Prior to the addition, the gallery neighbored an irregularly shaped site defined by narrow streets and the Jubilee Walkway, a public footpath connecting Trafalgar Square to Leicester Square. The firm envisioned the wing as a separate building that connected to the gallery by physically engaging with the path. “A ham and cheese sandwich held together with a toothpick,” as Scott Brown called it, the wing’s location was integral to the design. The firm approached the dense medieval site by assembling the floors atop one another, creating rectangular spaces on an angular site.
Providing grade access to the entire gallery, the wing boasts an entrance accessible to all visitors, in direct contrast to the original building and an important consideration as museums across the world continue to embrace more diverse audiences. A deeper connection to the site greets visitors who approach from the Pall Mall East side, which receives heavy traffic from Trafalgar Square. Inside, the wing offers convenient access to exhibition space and other museum amenities, including a restaurant, interactive information center, and 350-seat lecture theater.

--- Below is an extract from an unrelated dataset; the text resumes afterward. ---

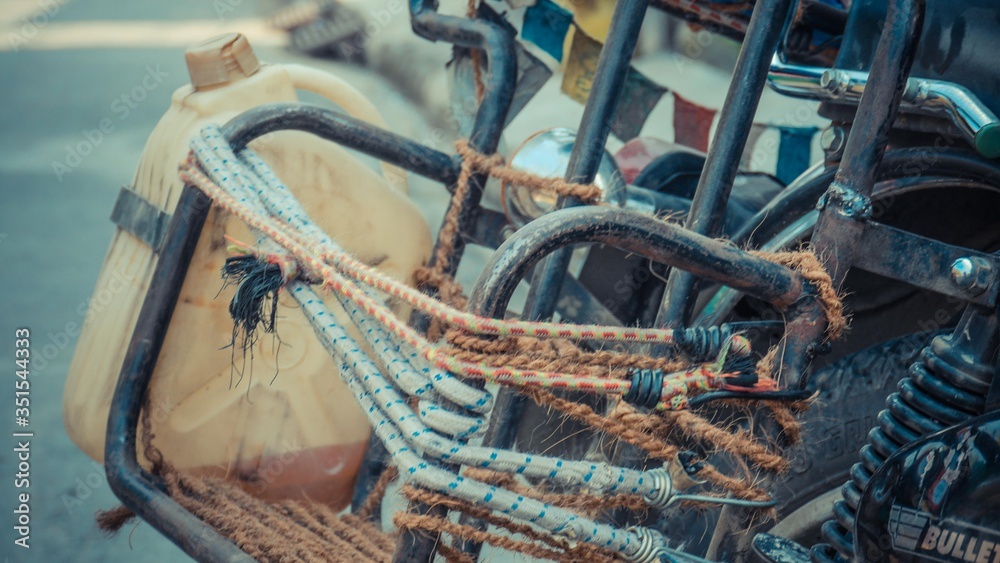 tied rope on to metal with yellow bottle tied rope on to metal with yellow bottle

Riffing on the historical motifs found in Wilkins’ façade, Venturi and Scott Brown implemented the elements found there in innovative ways. Most notably, Corinthian columns and pilasters are folded against the glass edge of Jubilee Walkway, while at the entry large square openings and metal columnettes form new architectural rhythms that spring from the duo’s affinity for Palladio, Aalto, and early Modernism. Made of the same Portland limestone as Wilkins’ building, the wing also observes its cornice height. As Venturi noted, the wing is “harmony between the old and the new and the varying contexts—via analogy and contrast within a difficult whole.”

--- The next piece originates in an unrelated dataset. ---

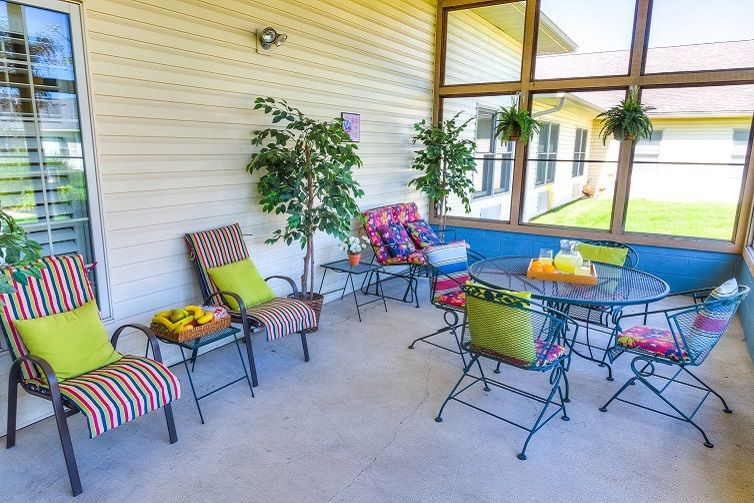 A cozy patio area with colorful cushioned chairs and a table, surrounded by lush green plants.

Few alterations have been made to the wing since its completion, leaving its original intent largely intact. Last year Historic England, the government arm charged with protecting England’s historic treasures, bestowed Grade I status on the wing, propelling it into the ranks of the country’s most architecturally significant buildings. In 2009 architectural historian Dr. Barnabas Calder wrote that the wing’s presence on the square was “politely low key and even more so on Pall Mall East.” Many others have noted that visitors may be as unaware of the building as they are of the contentious competition that spawned it, proving that, indeed, Venturi and Scott Brown successfully designed a building that does not outshine its context.